Schiwago Film

‘Styx’ Review

In Greek mythology, the River Styx separates the living from the dead. In Wolfgang Fischer’s Styx, another body of water serves a similar purpose. Susanne Wolff stars as Rike, a paramedic who decides to embark on a relaxing solo cruise from Gibraltar to Ascension Island (roughly at the midpoint between Brazil and Angola) on her sailing yacht. As anyone who’s watched the trailer knows, Rike’s expedition hits a metaphorical rough patch: she runs across a stranded fishing boat literally overflowing with dozens of desperate refugees. In the deserted expanse of the Atlantic Ocean, she must choose between waiting for help and trying to take action herself, with her one-person rations and 12-meter boat…truly a lose-lose scenario.

Styx is about the paradoxical relationship between man and nature, which is often a reflection of humanity’s own self-conflict. Rike is a paramedic who flees civilization to escape the daily suffering she witnesses on the job…the classic story of the Westerner seeking serenity in nature. To Rike’s dismay, she only encounters greater suffering out on the open sea. Likewise, African refugees look to the Atlantic Ocean as a temporary sanctuary on their quest for a better life. Too often, it is quite the opposite. In the era of Mass Migration, the industrialized world can no longer ignore the suffering that it has caused through colonialism and pollution, as it is increasingly washing up on their shores (and across the US-Mexico border).

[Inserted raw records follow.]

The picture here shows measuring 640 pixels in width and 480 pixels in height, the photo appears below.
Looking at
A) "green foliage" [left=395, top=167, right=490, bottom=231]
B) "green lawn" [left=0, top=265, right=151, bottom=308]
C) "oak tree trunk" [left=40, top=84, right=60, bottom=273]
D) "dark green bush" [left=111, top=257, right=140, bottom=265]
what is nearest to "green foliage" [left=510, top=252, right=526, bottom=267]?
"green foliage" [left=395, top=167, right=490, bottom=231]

It is ironic that the affluent white woman in the story is fleeing Europe for a tiny island in Africa. Ascension Island is itself a story of nature and migration: Charles Darwin imported many new species to this remote island as part of a personal terraforming experiment. The Barbary macaques at the beginning of the film also represent nature overcoming man’s artificial borders. They descend from the hills to the city, hopping fences and other forms of society’s borders in search of succor.

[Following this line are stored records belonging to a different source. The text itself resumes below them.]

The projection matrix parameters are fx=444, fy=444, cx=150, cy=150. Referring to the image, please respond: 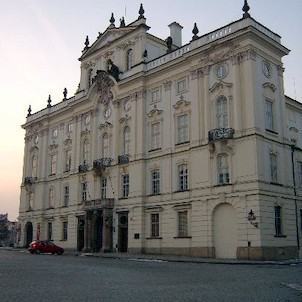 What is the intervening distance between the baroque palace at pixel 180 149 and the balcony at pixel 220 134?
0.12 meters

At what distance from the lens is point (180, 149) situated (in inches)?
1622

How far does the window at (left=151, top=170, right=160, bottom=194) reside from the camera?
4312 centimetres

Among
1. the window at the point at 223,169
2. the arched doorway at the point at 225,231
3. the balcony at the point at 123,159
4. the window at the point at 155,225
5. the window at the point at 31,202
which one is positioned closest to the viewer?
the arched doorway at the point at 225,231

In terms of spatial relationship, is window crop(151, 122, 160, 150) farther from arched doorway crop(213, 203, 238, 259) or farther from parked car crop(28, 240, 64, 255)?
parked car crop(28, 240, 64, 255)

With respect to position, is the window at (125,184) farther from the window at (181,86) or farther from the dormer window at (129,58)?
the dormer window at (129,58)

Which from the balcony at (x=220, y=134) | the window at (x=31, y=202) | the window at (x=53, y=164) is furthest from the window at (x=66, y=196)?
the balcony at (x=220, y=134)

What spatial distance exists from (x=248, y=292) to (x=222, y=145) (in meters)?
23.6

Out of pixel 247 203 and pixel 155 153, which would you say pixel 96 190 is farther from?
pixel 247 203

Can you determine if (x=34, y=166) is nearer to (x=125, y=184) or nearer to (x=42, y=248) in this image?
(x=42, y=248)

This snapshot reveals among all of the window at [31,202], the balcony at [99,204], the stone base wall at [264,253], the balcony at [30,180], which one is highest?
the balcony at [30,180]

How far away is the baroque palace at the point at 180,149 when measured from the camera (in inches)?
1405

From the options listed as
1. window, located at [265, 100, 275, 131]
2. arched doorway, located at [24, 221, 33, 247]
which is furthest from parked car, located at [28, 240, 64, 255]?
window, located at [265, 100, 275, 131]

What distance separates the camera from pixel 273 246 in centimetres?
3409

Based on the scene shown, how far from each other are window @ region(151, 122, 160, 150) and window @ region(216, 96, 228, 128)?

The film also highlights the grim humanitarian crisis on the Atlantic Ocean that happens in real life. In 2017, over 3,100 North African migrants drowned en route to Southern Europe. The problem has gotten worse in recent years. European leaders, like the far-right prime minister of Italy, have refused to let rescued refugees set shore in Europe. There are also draconian restrictions (highlighted in the film) for private vessels that encounter stranded refugee boats. As a result, the number of dead refugees is shooting up. Those who are “rescued” are, due to Europe’s refugee laws, frequently forced to turn back around to African countries like Libya, where they can be packed together like sardines in squalid camps and subject to torture. One of the characters (played by Gedion Oduor Wekesa) in Styx displays a literal scar from such torture.

Styx is a moving portrait of trauma in the modern world. Susanne Wolff does a great job of nonverbally demonstrating her character’s descent into despair. The refugees do an even better job. In Malta, Fischer found and cast actual survivors of the treacherous cross-Atlantic trek. The cinematography of the film is similarly authentic. The crew filmed on the open sea for 40 days, as opposed to relying on a studio and CGI. It really feels like you’re out on the Atlantic, riding waves and bearing thunderstorms. This film will give you a rare perspective on a humanitarian plight that few have lived to tell. As one of the refugees in the film pleads to an unresponsive Westerner, “Listen to me, please.”